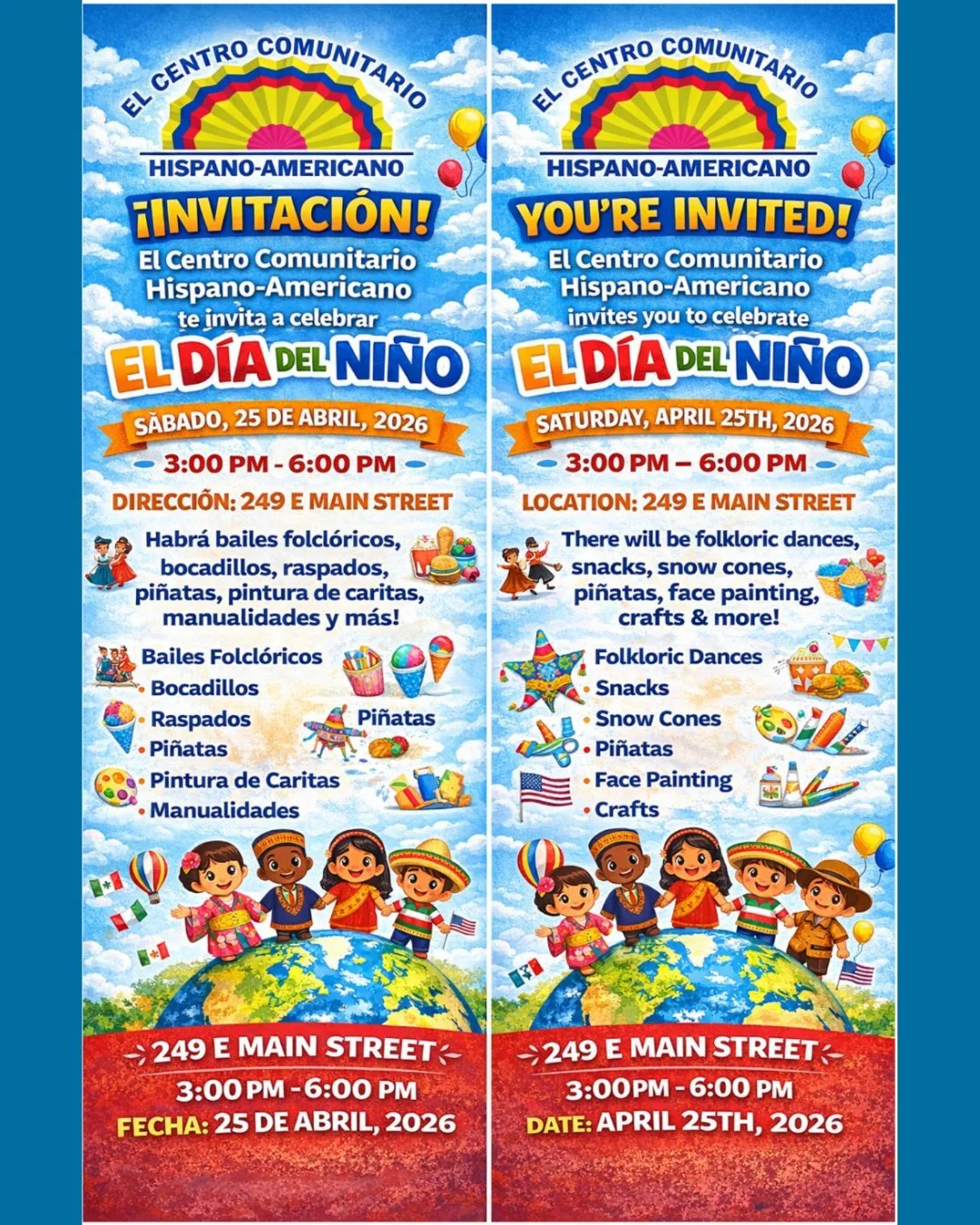El Centro is hosting their Dia del Nino (Day of the Child) event this Saturday from 3-6 pm! Families are invited to come out for folkloric dances, snacks, snow cones, pinatas, face painting, crafts and more! ❤️

 #transylvaniacounty #TransylvaniaCoun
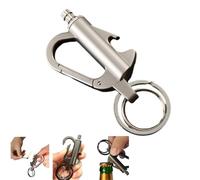Encendedor de llavero multifuncional con abrebotellas, cerillas permanentes, reutilizable, adecuado for acampar, hacer senderismo, regalos for hombres.(Silver)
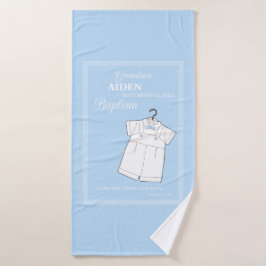 Grandson Baptisse Anzug auf Baby Blue Personalisie Badehandtuch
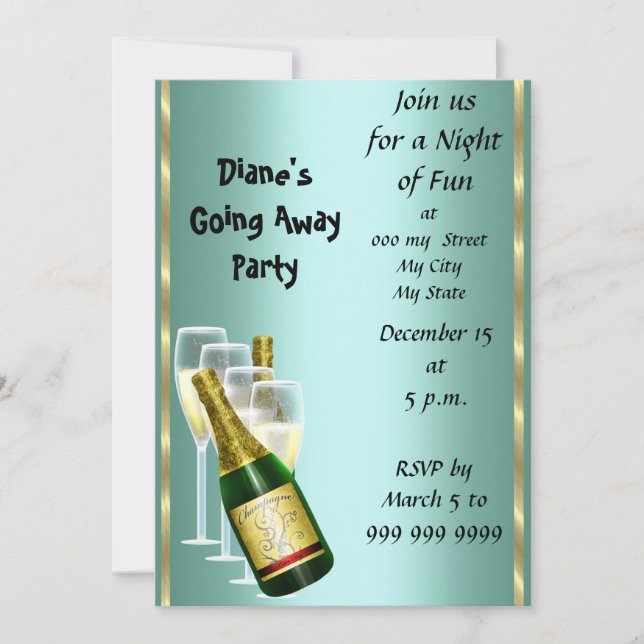 Farewell Party Invitation Card Good Bye (Devant)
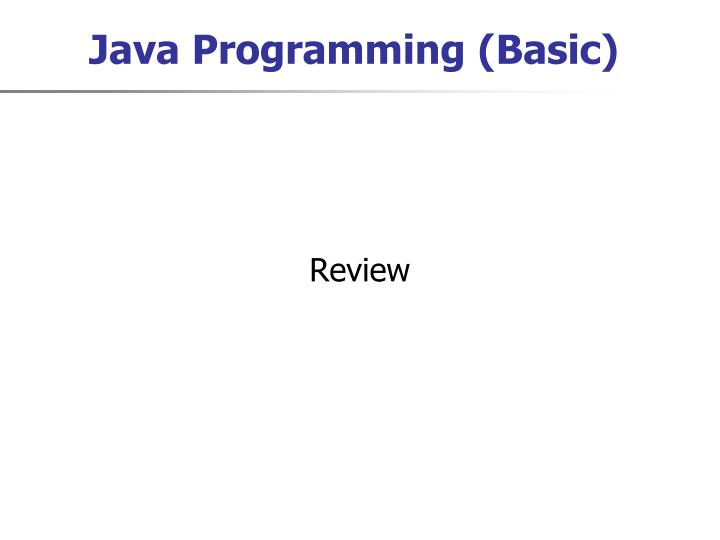 java programming basic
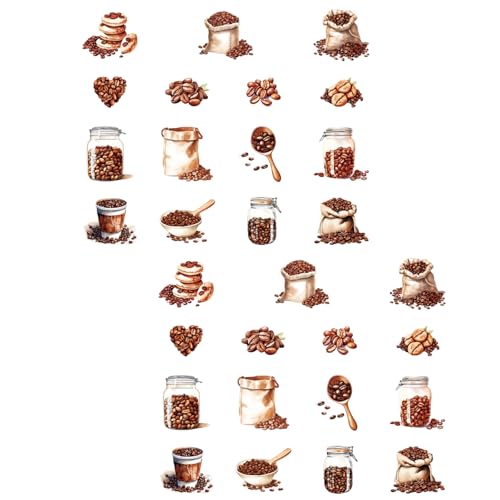 30 Blätter Dekorative Aufkleber Laptop Kleber Kaffeehaus Serie Für Journaling Scrapbooking von Zqxnt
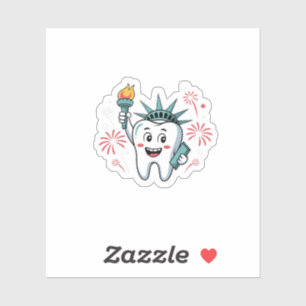 Dental Squad 4th Of July Dentist Funny American   Sticker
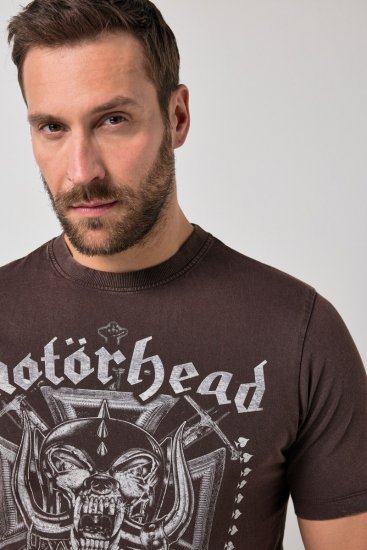 JP1880 Motörhead Soft Jersey Vintage T-Shirt Brown - Trička s kapelami - Kapelová trička ve velikostech 2XL–10XL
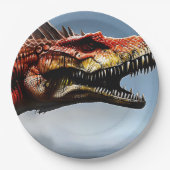 怖いスピノサウルス恐竜、紙プレート ペーパープレート (正面)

**REQUIRED ACTION:**
What you return must match, line for line, the span from the line containing "Farewell Party Invitation" through the last line of the listing above, with every picture omitted.

**TASK SOLUTION:**
 Farewell Party Invitation Card Good Bye (Devant)
 java programming basic
 30 Blätter Dekorative Aufkleber Laptop Kleber Kaffeehaus Serie Für Journaling Scrapbooking von Zqxnt
 Dental Squad 4th Of July Dentist Funny American   Sticker
 JP1880 Motörhead Soft Jersey Vintage T-Shirt Brown - Trička s kapelami - Kapelová trička ve velikostech 2XL–10XL
 怖いスピノサウルス恐竜、紙プレート ペーパープレート (正面)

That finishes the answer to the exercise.